:: The data ::
=== Begin Enclosure ===
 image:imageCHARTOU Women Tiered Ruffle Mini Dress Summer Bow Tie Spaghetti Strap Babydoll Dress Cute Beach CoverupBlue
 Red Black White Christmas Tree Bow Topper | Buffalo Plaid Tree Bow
=== End Enclosure ===
=== Begin Enclosure ===
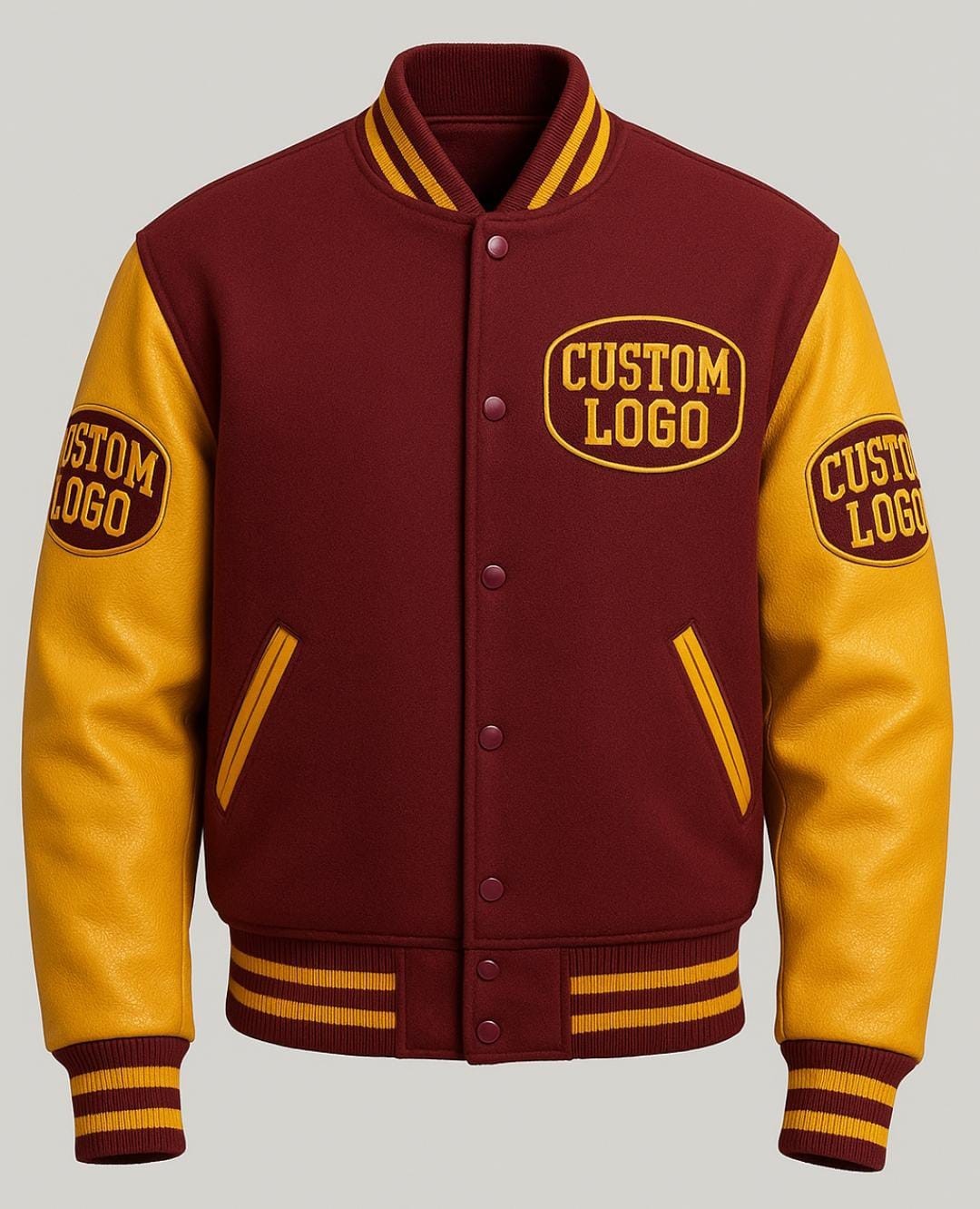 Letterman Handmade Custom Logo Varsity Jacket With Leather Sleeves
=== End Enclosure ===
Considering only the material above, set down every line from the one with "image:imageCHARTOU Women Tiered" to the one with "Red Black White", inclusive, exactly as written.

:: Finished exercise ::
 image:imageCHARTOU Women Tiered Ruffle Mini Dress Summer Bow Tie Spaghetti Strap Babydoll Dress Cute Beach CoverupBlue
 Red Black White Christmas Tree Bow Topper | Buffalo Plaid Tree Bow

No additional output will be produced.